AVAILABLE DATA section start

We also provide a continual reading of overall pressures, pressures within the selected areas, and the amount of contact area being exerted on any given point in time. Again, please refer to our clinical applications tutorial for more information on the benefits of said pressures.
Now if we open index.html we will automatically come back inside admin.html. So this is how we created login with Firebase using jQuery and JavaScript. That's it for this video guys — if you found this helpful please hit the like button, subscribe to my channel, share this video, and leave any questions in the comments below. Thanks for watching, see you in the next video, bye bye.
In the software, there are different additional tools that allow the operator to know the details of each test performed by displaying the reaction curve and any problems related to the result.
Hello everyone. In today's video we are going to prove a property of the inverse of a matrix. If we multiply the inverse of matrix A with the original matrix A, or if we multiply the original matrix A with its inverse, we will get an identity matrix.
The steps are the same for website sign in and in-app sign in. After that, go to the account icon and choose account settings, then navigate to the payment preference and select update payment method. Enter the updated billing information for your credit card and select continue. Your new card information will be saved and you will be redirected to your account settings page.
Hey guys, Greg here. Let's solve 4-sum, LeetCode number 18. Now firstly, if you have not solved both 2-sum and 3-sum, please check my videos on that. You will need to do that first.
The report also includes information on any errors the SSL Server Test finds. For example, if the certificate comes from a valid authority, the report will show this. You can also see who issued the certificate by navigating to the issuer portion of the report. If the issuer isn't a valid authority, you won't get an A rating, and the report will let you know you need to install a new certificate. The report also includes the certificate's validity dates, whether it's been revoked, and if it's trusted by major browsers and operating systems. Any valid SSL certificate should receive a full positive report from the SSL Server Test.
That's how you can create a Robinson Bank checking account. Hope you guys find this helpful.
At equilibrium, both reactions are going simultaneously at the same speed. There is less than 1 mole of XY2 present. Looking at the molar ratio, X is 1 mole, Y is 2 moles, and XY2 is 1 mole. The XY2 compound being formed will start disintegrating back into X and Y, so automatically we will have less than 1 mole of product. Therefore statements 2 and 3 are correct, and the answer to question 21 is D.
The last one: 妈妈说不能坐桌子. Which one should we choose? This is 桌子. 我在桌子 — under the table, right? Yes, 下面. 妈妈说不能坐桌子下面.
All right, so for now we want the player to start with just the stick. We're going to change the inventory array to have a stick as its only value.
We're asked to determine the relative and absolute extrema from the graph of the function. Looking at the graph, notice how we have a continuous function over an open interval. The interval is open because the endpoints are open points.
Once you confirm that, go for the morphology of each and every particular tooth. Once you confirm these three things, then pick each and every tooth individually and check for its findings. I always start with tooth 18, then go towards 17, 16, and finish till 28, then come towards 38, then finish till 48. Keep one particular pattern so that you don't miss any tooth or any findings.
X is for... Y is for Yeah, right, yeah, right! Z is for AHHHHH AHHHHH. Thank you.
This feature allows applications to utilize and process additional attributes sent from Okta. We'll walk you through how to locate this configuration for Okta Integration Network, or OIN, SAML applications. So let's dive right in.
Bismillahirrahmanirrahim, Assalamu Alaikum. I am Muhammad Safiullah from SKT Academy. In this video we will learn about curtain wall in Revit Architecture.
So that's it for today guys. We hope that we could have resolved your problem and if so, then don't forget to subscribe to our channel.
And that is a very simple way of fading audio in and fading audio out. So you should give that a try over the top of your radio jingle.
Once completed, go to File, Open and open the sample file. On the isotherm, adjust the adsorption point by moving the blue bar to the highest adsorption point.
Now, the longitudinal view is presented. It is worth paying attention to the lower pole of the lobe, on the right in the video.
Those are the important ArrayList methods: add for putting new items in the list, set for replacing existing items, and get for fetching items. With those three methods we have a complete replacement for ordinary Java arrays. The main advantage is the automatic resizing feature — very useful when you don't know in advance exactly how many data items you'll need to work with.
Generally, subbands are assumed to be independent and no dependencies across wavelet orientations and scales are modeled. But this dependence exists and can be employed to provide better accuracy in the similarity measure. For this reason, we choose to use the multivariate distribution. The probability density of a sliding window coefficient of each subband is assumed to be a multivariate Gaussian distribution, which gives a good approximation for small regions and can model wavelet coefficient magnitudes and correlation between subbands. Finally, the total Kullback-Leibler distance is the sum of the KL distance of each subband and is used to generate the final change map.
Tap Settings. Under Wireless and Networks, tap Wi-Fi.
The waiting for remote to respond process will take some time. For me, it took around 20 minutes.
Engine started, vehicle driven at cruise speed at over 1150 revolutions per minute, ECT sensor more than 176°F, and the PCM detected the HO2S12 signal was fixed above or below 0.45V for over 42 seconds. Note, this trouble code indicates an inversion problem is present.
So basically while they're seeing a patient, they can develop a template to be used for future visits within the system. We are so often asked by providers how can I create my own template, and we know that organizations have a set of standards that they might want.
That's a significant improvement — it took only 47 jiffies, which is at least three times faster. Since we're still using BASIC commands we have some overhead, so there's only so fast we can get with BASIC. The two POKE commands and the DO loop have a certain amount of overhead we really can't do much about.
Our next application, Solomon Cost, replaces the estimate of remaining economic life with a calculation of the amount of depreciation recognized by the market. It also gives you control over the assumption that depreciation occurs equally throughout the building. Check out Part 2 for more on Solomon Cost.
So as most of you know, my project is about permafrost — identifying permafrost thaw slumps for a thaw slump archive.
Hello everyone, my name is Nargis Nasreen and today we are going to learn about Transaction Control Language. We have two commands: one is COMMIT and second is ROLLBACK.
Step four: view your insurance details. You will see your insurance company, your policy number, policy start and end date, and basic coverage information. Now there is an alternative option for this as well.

AVAILABLE DATA section end

Copy every line of the records above that holds the word "please".

We also provide a continual reading of overall pressures, pressures within the selected areas, and the amount of contact area being exerted on any given point in time. Again, please refer to our clinical applications tutorial for more information on the benefits of said pressures.
Now if we open index.html we will automatically come back inside admin.html. So this is how we created login with Firebase using jQuery and JavaScript. That's it for this video guys — if you found this helpful please hit the like button, subscribe to my channel, share this video, and leave any questions in the comments below. Thanks for watching, see you in the next video, bye bye.
Hey guys, Greg here. Let's solve 4-sum, LeetCode number 18. Now firstly, if you have not solved both 2-sum and 3-sum, please check my videos on that. You will need to do that first.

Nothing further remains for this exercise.